⚙️ AI Engineering Week 1 of 14 BSc · Y2 ⏱ ~50 min

Week 1: Feature Engineering, Training Pipelines & Reproducibility

The engineering perspective on ML: robust feature pipelines, automated model selection, reproducible training infrastructure, and production-readiness.

University of Aliens

AIE201 — Lecture 1 · BSc Y2

🎬 CC Licensed Lecture

0:00 / —:—— 📺 MIT OpenCourseWare (CC BY-NC-SA)

🎯 Learning Objectives

Design reproducible ML training pipelines with experiment tracking
Engineer features from raw data at production scale
Implement automated model selection and hyperparameter optimization
Package and version ML models for deployment

Topics Covered This Lecture

Experiment Tracking: MLflow & W&B

Feature Engineering at Scale

AutoML & Hyperparameter Optimization

Model Packaging & Versioning

📖 Lecture Overview

This first lecture establishes the foundational framework for Machine Learning Engineering. By the end of this session, you will have the conceptual grounding and practical starting point needed for the rest of the course.

        Why this matters
        The engineering perspective on ML: robust feature pipelines, automated model selection, reproducible training infrastructure, and production-readiness. This lecture sets up everything that follows — make sure you understand the core concepts before proceeding to Week 2.
      

Key Concepts

The lecture introduces the four main pillars of this course: Experiment Tracking: MLflow & W&B, Feature Engineering at Scale, AutoML & Hyperparameter Optimization, Model Packaging & Versioning. Each will be explored in depth over the 14-week curriculum, with hands-on projects reinforcing theory at every stage.

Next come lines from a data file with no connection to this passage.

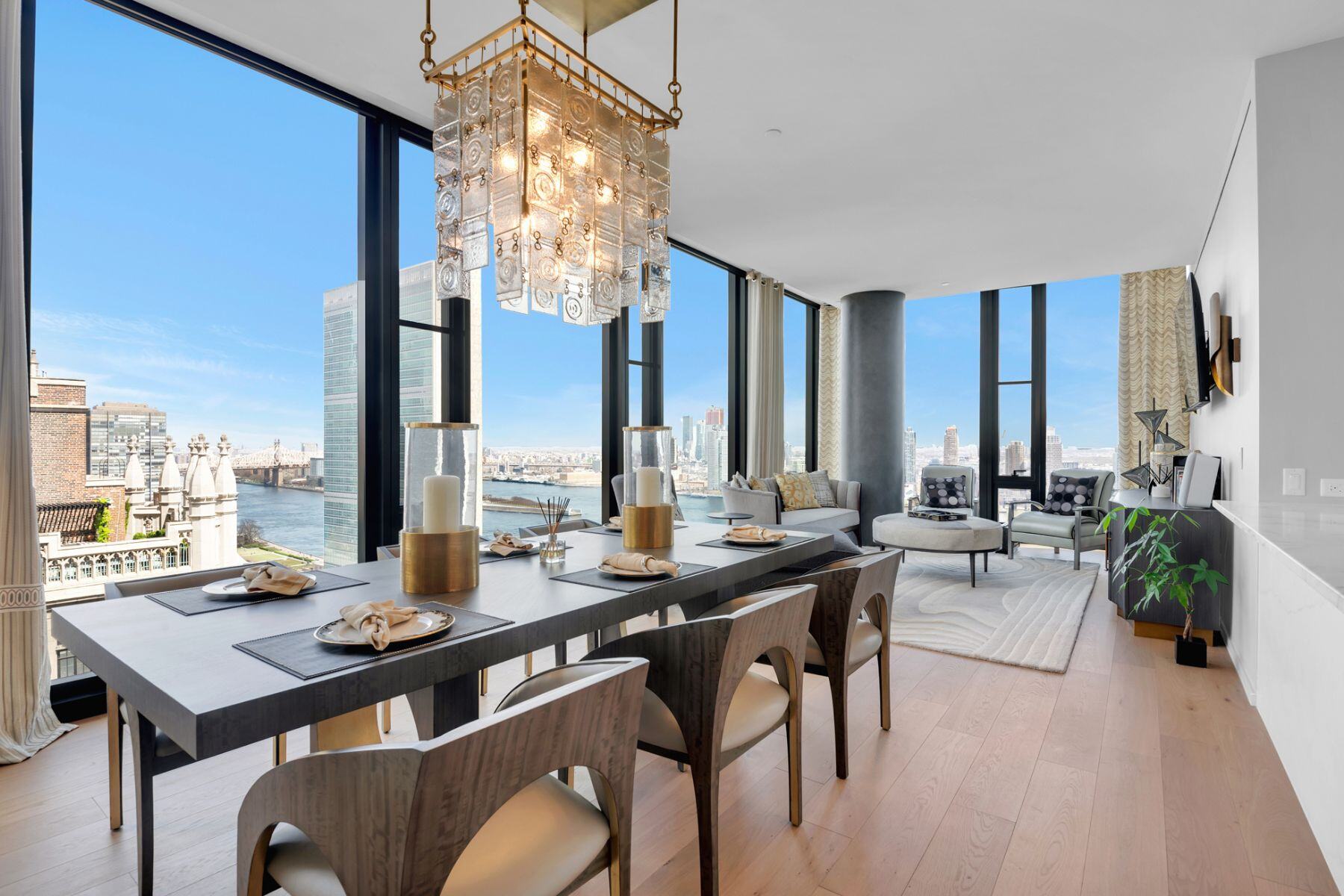 A luxurious dining room in a high-rise apartment, featuring panoramic views of New York City.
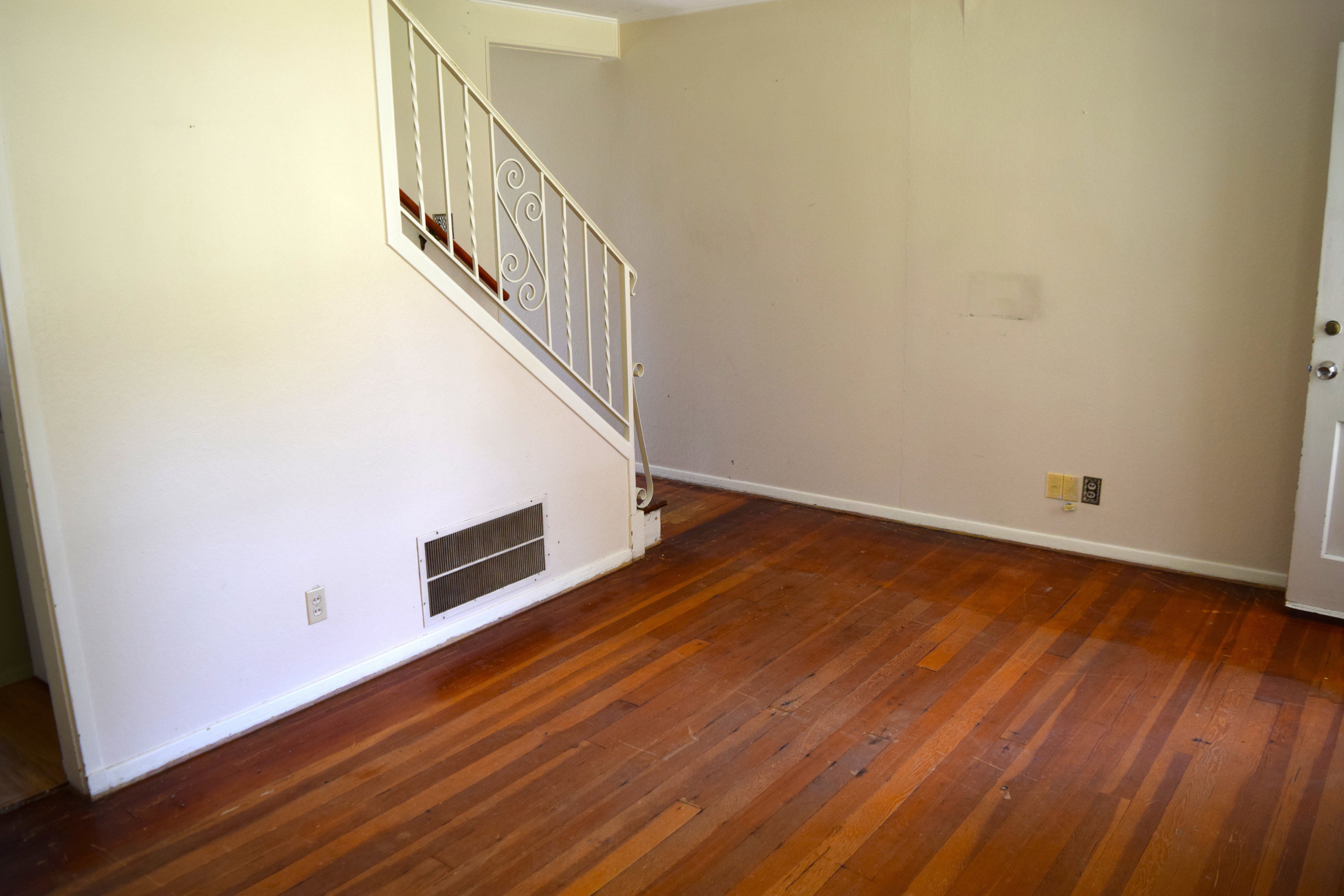 Unfurnished living room featuring baseboards and dark wood-type flooring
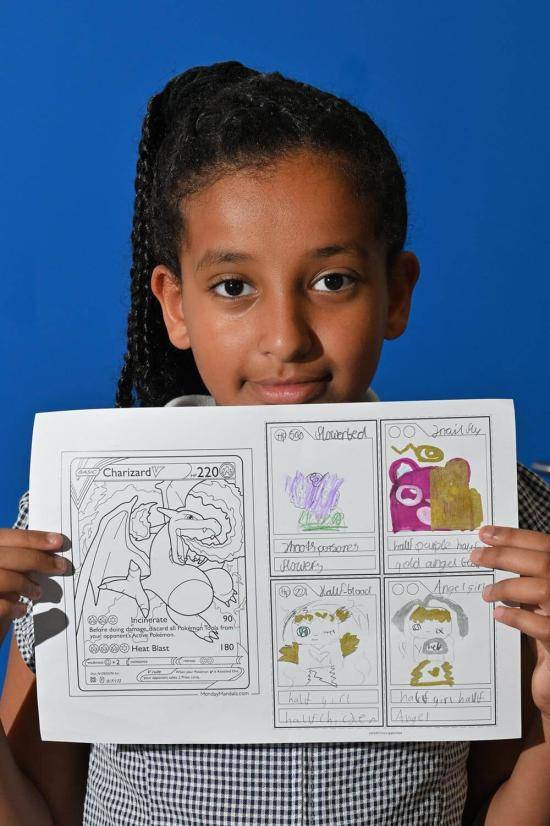 White City pupil Keeya (9) holds up her artwork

# Quick Start: verify your environment is ready for AIE201
import sys
print(f"Python {sys.version}")

# Check key libraries are installed
try:
    import numpy, pandas, matplotlib
    print("✅ Core libraries ready")
except ImportError as e:
    print(f"❌ Missing: {e} — run: pip install numpy pandas matplotlib")

This Week's Focus

Focus on mastering: Experiment Tracking: MLflow & W&B and Feature Engineering at Scale. These are the prerequisites for everything in Week 2. The concepts build on each other — do not skip the practice exercises.

📋 Project 1 of 3 50% of Final Grade

AIE201 Project 1: Reproducible ML Training System

Build a fully reproducible ML training system for a classification task: feature store, experiment tracking (MLflow), hyperparameter optimization (Optuna), and model registry.

Feature engineering pipeline with data validation
MLflow experiment tracking integration
Optuna hyperparameter optimization study
Model registered in MLflow with performance report

50%

3 Projects

20%

Midterm Exam

30%

Final Exam

📝 Sample Exam Questions

These represent the style and difficulty of questions you'll see on the midterm and final. Start thinking about them now.

Conceptual Short Answer

What is experiment reproducibility in ML? List 5 sources of non-reproducibility and how to fix each.

Analysis Short Answer

Explain the difference between feature selection, feature extraction, and feature engineering.

Applied Code / Proof

How does Optuna's TPE sampler differ from random search for hyperparameter optimization?